The young women in the black-and-white photos look cheerful, carefree and ready for whatever adventures and happily-ever-afters might lie ahead. They're neatly dressed in the styles fashionable in years just before World War II: crisp white blouses, dark-red lipstick, elaborately coiffed hair.
There seems little chance the women in the photos could have imagined a future where they'd be looking at these fresh faces 80 years later, on a hot July day over lunch in a Burnsville restaurant.
But there they were, all three now 101 years old: Virginia Goering of New Hope, Vera Sims of Waterville and her twin sister, Viva Froemming of Isanti, long-ago graduates of Alexandria High School (classes of '40 and '41).
They became friends and stayed in touch over the decades, their get-togethers and bridge games ebbing and flowing around marriages, babies and aging.
"Look how we had our hair curled," Virginia said.
"You look more like your mother every day," Vera told Virginia, glancing up from one photo.
Of course they couldn't have foreseen it. Mainly because in 1950, the first year for which there are even reliable estimates, there were only about 2,300 centenarians in the whole United States. Thanks to medical advances at both ends of the life cycle, average life expectancy (at birth) expanded by three decades during the 20th century to the current 77.5 years.
Nowadays the odds of living a century are about 10 times higher, and though estimates vary there are more than 100,000 centenarians in the country. Virginia's husband was one of them, in fact, until he died last year at 102. The centenarian population is expected to more than quadruple over the next 30 years.
As for the chances of three friends from the same small town all living more than a century while staying in touch, well, you'd have to ask a really good mathematician.
"Vera, did you used to go with him?" Virginia asked, pointing to a photo.
The friends sat at one end of a long table in a bar and grill near Burnsville Mall, as family members — four daughters, one granddaughter and a sister-in-law — filled the rest of the table, chatting about families, weddings, siblings, hometowns.
The restaurant, whose interior signaled its gravitas with brick and dark wood and a wall full of wine bottles, was the kind of place people might gather to celebrate something. The kind of place that, when these friends were young, wouldn't have existed in Burnsville, which at the time was unincorporated farmland.
They ate slices of a what is now considered Americans' favorite food but that, back when they were in high school, few Minnesotans had ever even heard of — pizza.ÂÂ
The three now live in assisted living centers or with relatives. One has hearing and eyesight problems. One has memory issues. One spends winters in Arizona, where she lives on her own.
"Do you still play bridge?" someone asked Vera.
"You bet — three times a week," Vera said.
Together, the friends flipped through the heavy leather-bound photo album, its pages filled with snapshots held in photo corners. A fourth close friend, Charlotte, died about 20 years ago. And, of course, most, or perhaps all, of the other people in the photographs are long gone, too.
Virginia and Vera tried to remember the names of a few.
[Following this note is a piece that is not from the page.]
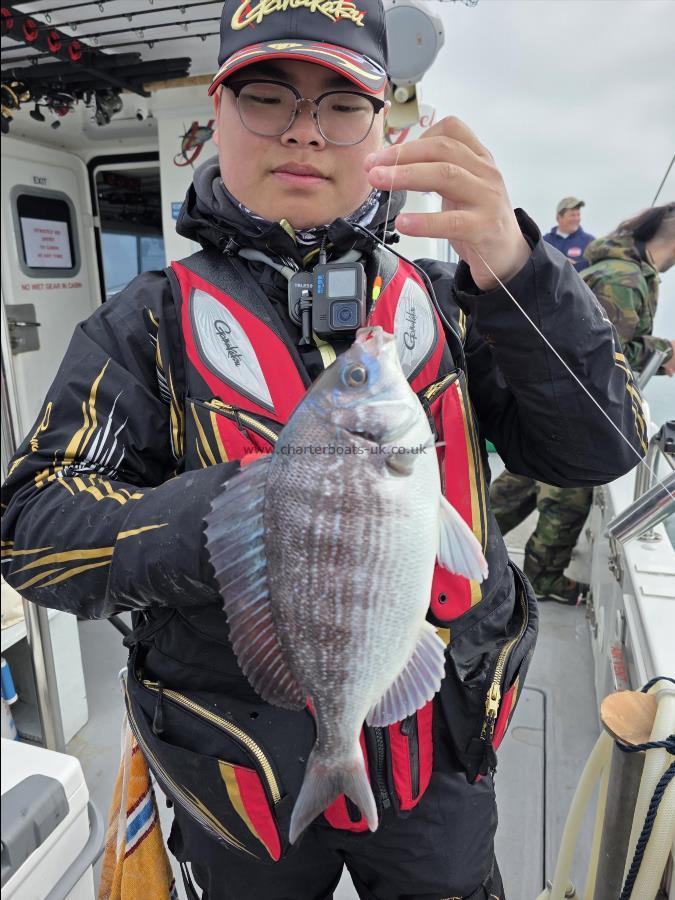 1 lb 8 oz Black Sea Bream by Unknown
Viva looked on, smiling but mostly quiet.
"Oh, there's Wally!" Virginia said. "Right? That's Wally."
"That's Squints and me," Vera said of a different photo.
Everybody had a nickname back then, she said. One young man was called "Dopey," like one of the seven dwarves. Disney's animated "Snow White" came out a few years before they left high school.
They reminisced about old boyfriends and proms, about trips to a lake cabin, about how their husbands all went to fight in World War II.
Their waitress came by, refilling coffee cups. "I like that you're doing this," she said. "It's so cool."
"When you get to be 101, you've got to do something," Virginia replied.
So what did they used to do for fun, back in the day?
"Oh, we went to all the football games, baseball games..." Vera said. Her voice trailed off.
She paused for a moment, remembering the good times 80 years ago.
"And we danced," she said. "Oh, we danced."